Does anyone have a clue as to what this may be? Anyone know of car fresheners that are more “male fragrance” like? The dealer has requested the info from the valet but I’m not getting anywhere.


Sent from my iPhone using Tapatalk


----------



## FiestaRed (Jan 13, 2018)

I asked a question about Air Fresheners on here a while back and one of the suggestions was Chemical Guys "Black Frost". Never having heard of Black Frost I asked what kind of small it had and the answer came back as "it smells kind of like an aftershave a fresh scent".


----------



## spyk3d (Nov 25, 2007)

Any ideas on the products they used to Valet your car or was there a paper mat cover left in the car from the valeter. That would then give you an idea for what brand to look at.

I expect a lot of the dealer valets are loyal to certain companies such as Autoglym, Autosmart etc. You may find that its not an air freshener but actually the smell of a product such as an interior detailer they have used to wipe the surfaces down.


----------



## J55TTC (Apr 11, 2008)

spyk3d said:


> Any ideas on the products they used to Valet your car or was there a paper mat cover left in the car from the valeter. That would then give you an idea for what brand to look at.
> 
> I expect a lot of the dealer valets are loyal to certain companies such as Autoglym, Autosmart etc. You may find that its not an air freshener but actually the smell of a product such as an interior detailer they have used to wipe the surfaces down.


Good point actually, there were AutoGlym paper mats in the foot wells.

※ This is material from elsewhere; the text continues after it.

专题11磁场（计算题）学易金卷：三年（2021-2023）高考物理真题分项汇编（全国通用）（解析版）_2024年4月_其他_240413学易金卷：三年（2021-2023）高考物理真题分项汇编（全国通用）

Might pop down hellfrauds and smell all the AG interior stuff - sure to get some strange looks but thanks for that 

Sent from my iPhone using Tapatalk


----------



## J55TTC (Apr 11, 2008)

FiestaRed said:


> I asked a question about Air Fresheners on here a while back and one of the suggestions was Chemical Guys "Black Frost". Never having heard of Black Frost I asked what kind of small it had and the answer came back as "it smells kind of like an aftershave a fresh scent".


Many thanks for this 

Sent from my iPhone using Tapatalk


----------



## Naddy37 (Oct 27, 2005)

J55TTC said:


> Good point actually, there were AutoGlym paper mats in the foot wells.
> 
> Might pop down hellfrauds and smell all the AG interior stuff - sure to get some strange looks but thanks for that
> 
> Sent from my iPhone using Tapatalk


Have a sniff of the Autoglym Autofresh. There is also a Pro version, same name, where you dilute it to the smelly strength you like.


----------



## spyk3d (Nov 25, 2007)

J55TTC said:


> Good point actually, there were AutoGlym paper mats in the foot wells.
> 
> Might pop down hellfrauds and smell all the AG interior stuff - sure to get some strange looks but thanks for that
> 
> Sent from my iPhone using Tapatalk


Happy to help. It might be Autoglym Interior Shampoo, although it says shampoo you can spray it onto a MF and wipe surfaces down with it and I love the smell of it.


----------



## pxr5 (Feb 13, 2012)

AG's Autofresh is lovely, I always spray some inside cars after detailing them. Not long lasting but I would describe it as a masculine scent, not really cologne though.


----------



## J55TTC (Apr 11, 2008)

Many thanks guys! Off to have a smell in the morning 

Sent from my iPhone using Tapatalk


----------



## MichaelCPortis (Aug 4, 2017)

If you want a really nice cologne smelling air freshener the nicest I have found is definitely Mitchell and King 11 (The name of their airfresheners) , cologne is probably the fragrance they're best known for out of all the choices of fragrence they offer but quite a few to choose from and all good quality.


----------



## MichaelCPortis (Aug 4, 2017)

A G Interior cleaner is I think more of a lemony smell


----------



## weedougall78 (Nov 4, 2017)

The M&K ones I have smell gorgeous, if the cologne one is as good then I'd recommend giving them a try.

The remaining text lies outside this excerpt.